EXERCISE INSTRUCTIONS: Identify the line in which "Cinnamomum japonicum" appears, then reproduce that line and all remaining lines of the records word for word.

SOURCE DATA:

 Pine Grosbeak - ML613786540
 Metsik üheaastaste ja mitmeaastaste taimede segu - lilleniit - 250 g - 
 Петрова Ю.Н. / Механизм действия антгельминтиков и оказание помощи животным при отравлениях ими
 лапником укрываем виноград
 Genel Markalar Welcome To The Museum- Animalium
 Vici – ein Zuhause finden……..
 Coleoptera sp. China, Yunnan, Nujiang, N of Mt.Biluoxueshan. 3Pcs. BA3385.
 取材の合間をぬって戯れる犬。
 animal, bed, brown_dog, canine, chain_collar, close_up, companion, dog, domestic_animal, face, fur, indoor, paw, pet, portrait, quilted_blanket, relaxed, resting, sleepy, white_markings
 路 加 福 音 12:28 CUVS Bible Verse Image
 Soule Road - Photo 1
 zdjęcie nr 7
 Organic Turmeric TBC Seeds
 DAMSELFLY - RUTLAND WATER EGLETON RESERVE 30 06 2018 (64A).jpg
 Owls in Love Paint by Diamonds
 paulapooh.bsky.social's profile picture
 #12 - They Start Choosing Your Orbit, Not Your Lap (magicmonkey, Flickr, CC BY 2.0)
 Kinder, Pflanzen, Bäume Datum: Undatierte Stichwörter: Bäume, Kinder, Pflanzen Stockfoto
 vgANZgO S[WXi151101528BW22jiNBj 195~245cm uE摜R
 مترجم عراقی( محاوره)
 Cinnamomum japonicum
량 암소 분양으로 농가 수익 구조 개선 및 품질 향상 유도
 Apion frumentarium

RESPONSE:
 Cinnamomum japonicum
량 암소 분양으로 농가 수익 구조 개선 및 품질 향상 유도
 Apion frumentarium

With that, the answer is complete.